Metadata prep and management - smith-special-collections/sc-documentation GitHub Wiki
Page Table of Contents
Metadata display and configuration
You may find that, whether from the Islandora Multi-Importer (IMI) spreadsheet or from a validated XML, the metadata and fields may not be displayed on Compass. This is because the Compass Metadata Team has configured certain fields to be displayed in the digital object record. If there is a field that should be displayed or if the display label for the field should be changed, it must be discussed and configured by the Compass Metadata Team. To put it forth to this team, forward the request and reason for (re)configuration through one of Smith's Compass liaisons.
Preparing the IMI metadata spreadsheet
The 3-College TWIG_Template-Multi-Importer CSV to MODS Federated Mapping and Twig Template Reference, reflects the most up-to-date changes to the TWIG template used in Compass, therefore it's recommended that this template be used when starting a new IMI spreadsheet.

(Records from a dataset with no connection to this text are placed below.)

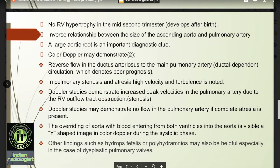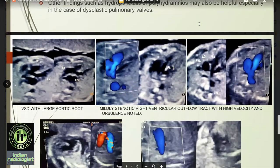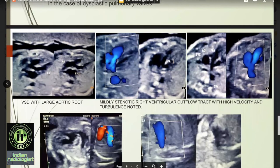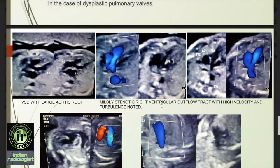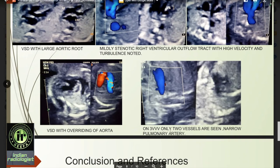Other findings such as hydrops fetalis or polyhydramnios may also be helpful, especially in the case of dysplastic pulmonary valves. In the first image, there is a VSD with a large aortic root. In the second and third images, there is a mildly stenotic right ventricular outflow tract with high velocity and turbulence noted. In the fourth image, there is a VSD with overriding of the aorta. In the fifth image, in the three-vessel view, only two vessels are seen and a narrow pulmonary artery is noted.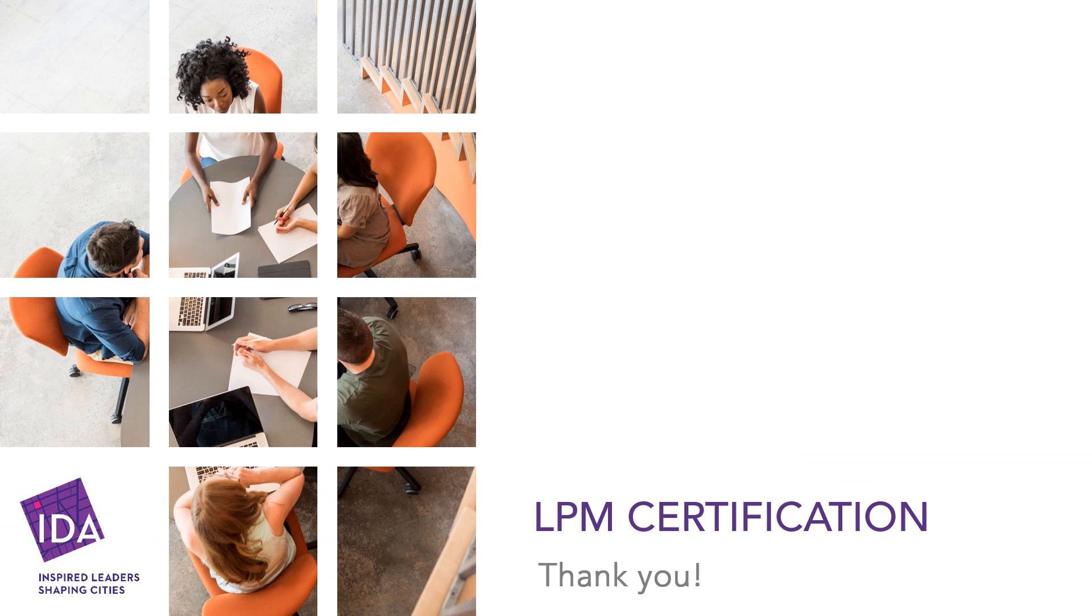Thank you for watching this tutorial. If you have any questions about IDA's Leadership and Place Management Certification Program, please email certification@downtown.org.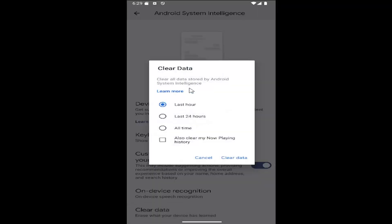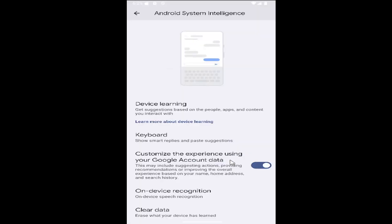So clear all data stored by Android System Intelligence you can clear either the last hour, 24 hours, all time and you can also have an additional option on top of this to clear the now playing history and once you made your selections in here you would select clear data and that's all you have to do.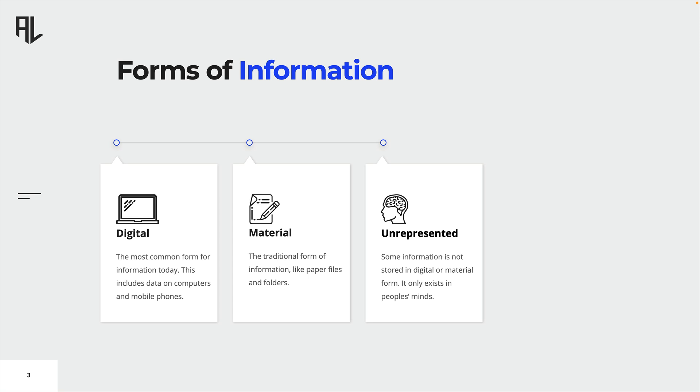The final form of information is unrepresented information, which includes ideas, concepts and thoughts. Please note that unrepresented information can easily be lost in case of employees leaving their employer. Only information in digital and material form really belongs to an organization.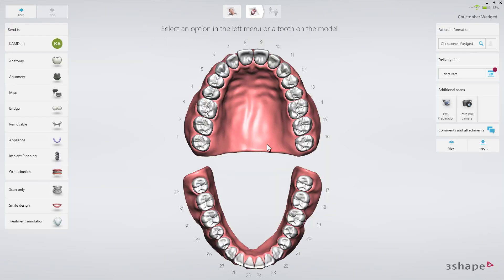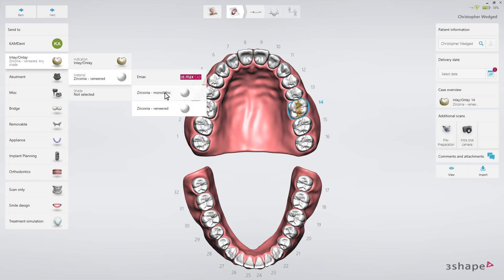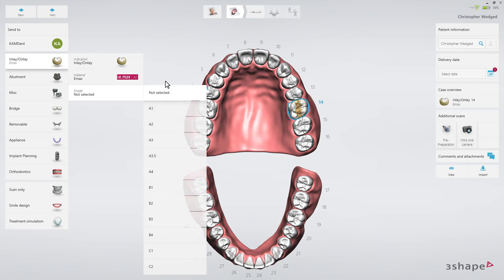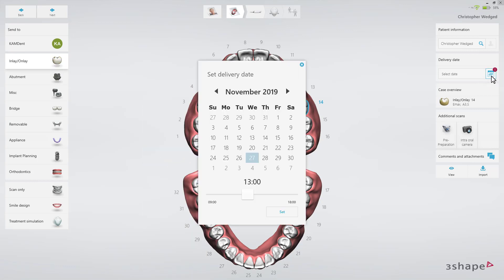On the order form, select the tooth on which the restoration is planned. Select the Anatomy tab and select Inlay-Onlay. Select Material from the Material drop-down list and select the Shade from the Shade drop-down list. Finally, set the delivery date by clicking the Delivery Date button.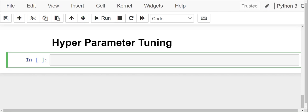In today's video, we are going to continue with the same data on mushrooms. We had seen that we obtained an accuracy of 99.7%. Now in this video, we are going to see if we can improve our accuracy any further using hyperparameter tuning.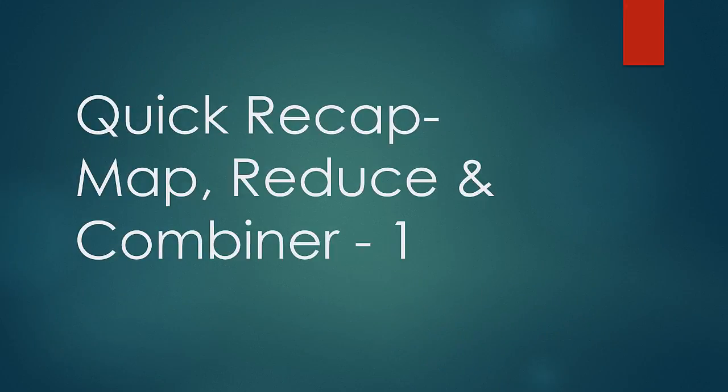Welcome to a new lesson on a quick recap on MapReduce and combiners. In this lesson, we will do a quick recap on the things we have learned till now.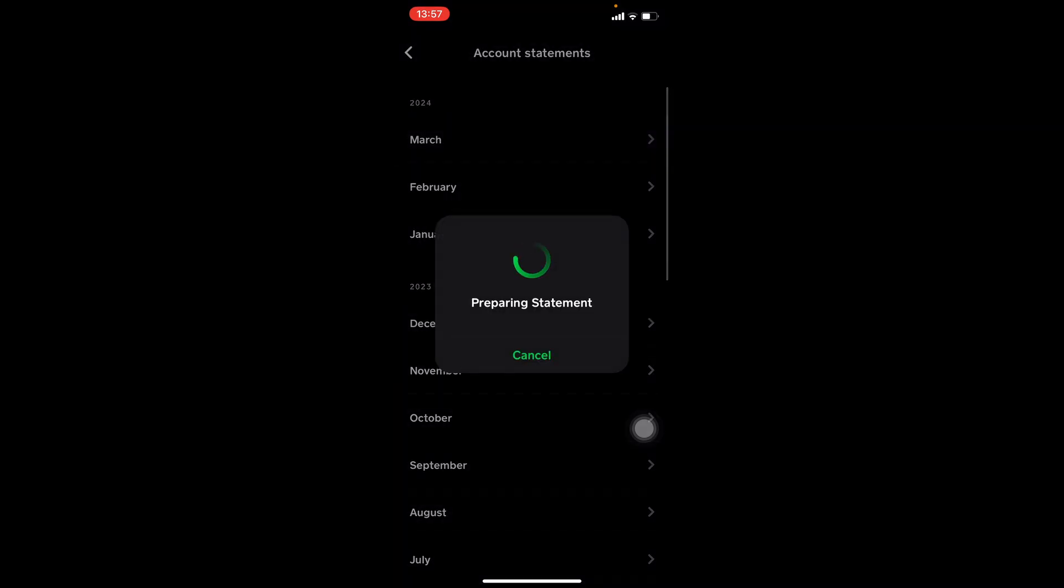It'll prepare a statement for you and then there you can see everything that you have done.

There is also an IMI template designed specifically for Smith College which includes examples for both FTP and zip ingesting, but this spreadsheet may not reflect the latest TWIG updates.

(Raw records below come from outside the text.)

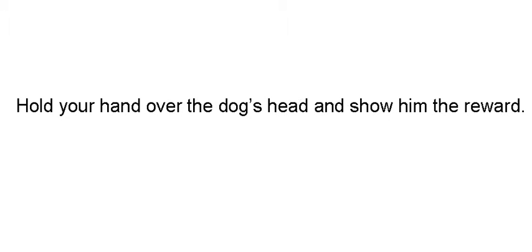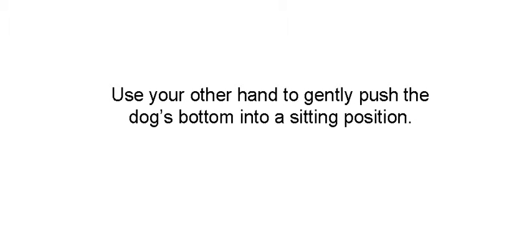Start off with a treat in your hand. Hold your hand over the dog's head, show him the reward. Your dog's going to look up at the treat. Then you use your other hand to gently push the dog's bottom into a sitting position.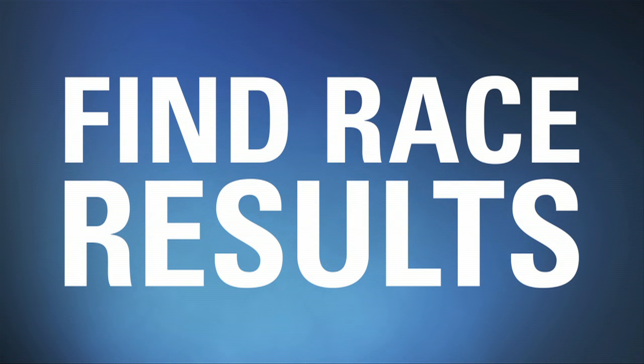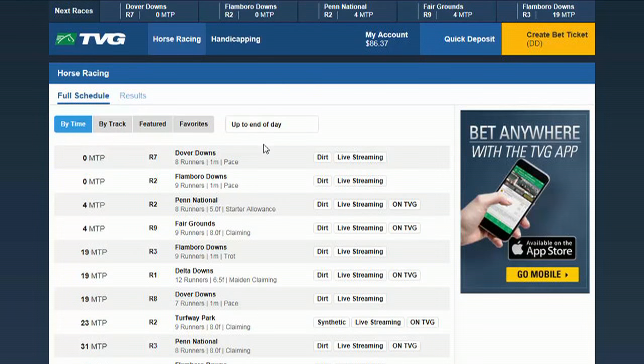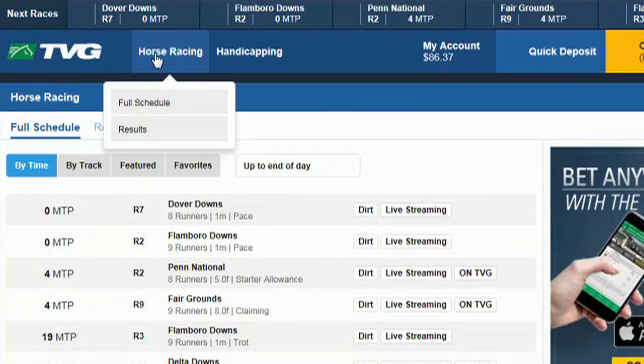How to find race results. To find race results, hover your cursor over the horse racing tab at the top of your screen. When the drop-down menu appears, click the results button.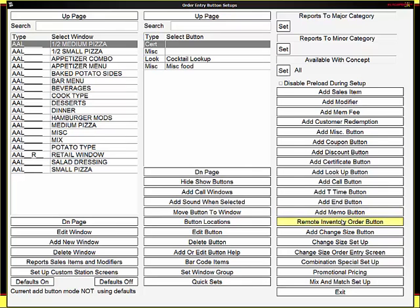Remote inventory is used for hotels when you have more than one bar or things like that. We'll get into that more when we get into the hotel sections. A change size button allows you to change the size of a pizza. Again, we'll be getting into those later. Same with all the other functions.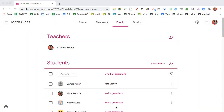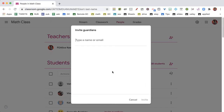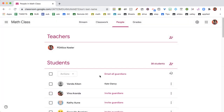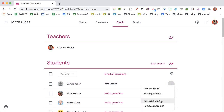But once it's enabled, you'll be able to Invite Guardians — just click on there and type in the email address of the parent or guardian for that student. You'll notice I already have a guardian for this student, so I'm going to click on the three dots where I have the option to Invite Guardians or Remove Guardians.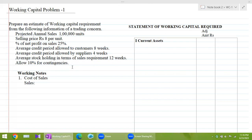From this information, we need to ascertain the required amount of working capital using current assets minus current liabilities. First, we find out what are the current assets and what are the current liabilities, then we can prepare the statement.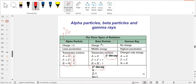For beta-negative: atomic mass number stays the same; the number of protons increases by 1 while neutrons decrease by 1. For beta-positive: it's the opposite — protons decrease by 1, neutrons increase by 1. For alpha decay, we always lose two protons and two neutrons.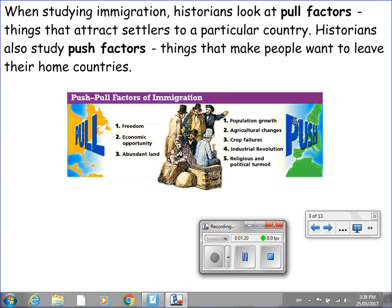Historians also study push factors — things that make people want to leave their home countries, which we also studied in geography. Push factors include population growth or overpopulation, agricultural changes, and crop failures. Historically, the Industrial Revolution made some people feel pushed out of their home countries, as well as religious and political turmoil. Historians look at these same push and pull factors in the past.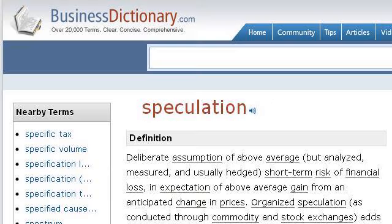The most helpful site to learn about what is speculation in stocks and commodities is www.businessdictionary.com, specifically the page titled 'What is Speculation? Definition and Meaning.' This is the link.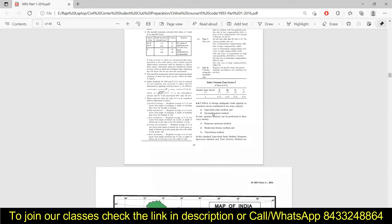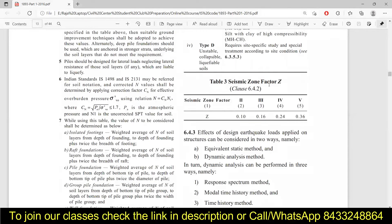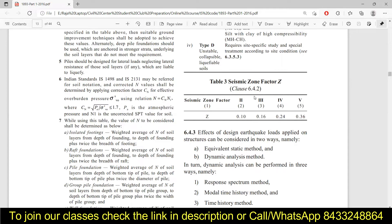You can see the seismic zone factor 'Z' in the code. This is the value you put into the software — whether you are using STAAD or any structural design software. The factors are: Zone 2 has a zone factor of 0.10, Zone 3 is 0.16, Zone 4 is 0.24, and Zone 5 has the highest zone factor of 0.36.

To use the IMI metadata spreadsheet:
-
Make a copy of the IMI spreadsheet.
-
Determine which fields are needed for the project.

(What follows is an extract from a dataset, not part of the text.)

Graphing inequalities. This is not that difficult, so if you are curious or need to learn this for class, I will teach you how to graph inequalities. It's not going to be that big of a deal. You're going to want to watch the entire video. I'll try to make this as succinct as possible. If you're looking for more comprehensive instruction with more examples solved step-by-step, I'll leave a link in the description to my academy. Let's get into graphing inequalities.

- The field names must be entered exactly as they are in the template, however, not all fields need be used and they can be in any sequence.
-
If only objects are being added in your ingest (and metadata will be added separately), then you only need to use the following fields:
- PARENT
- CMODEL
- SEQUENCE
- OBJ_FILE
- IDENTIFIER
- TITLE
-
(optional) Incorporate the metadata exported from ArchivesSpace or catalog into the IMI spreadsheet.
-
Review the IMI data carefully to ensure it is formatted correctly. Often ingest errors are because of data that is not well-formed.
-
Download the IMI sheet as CSV file to your desktop:
- Download the IMI sheet(s) as “Comma-separated values (.csv, current sheet)”
- IMI must be UTF-* encoded to preserve special characters. Google sheets downloaded as csv will automatically be saved with UTF-8 encoding to preserve non-ASCII characters. If using Excel to create your IMI sheet, note that not all Excel versions will export spreadsheet with UTF-8 encoding. It's safest to copy and paste the contents from your Excel document to a blank Google spreadsheet, then download the file as a CSV document.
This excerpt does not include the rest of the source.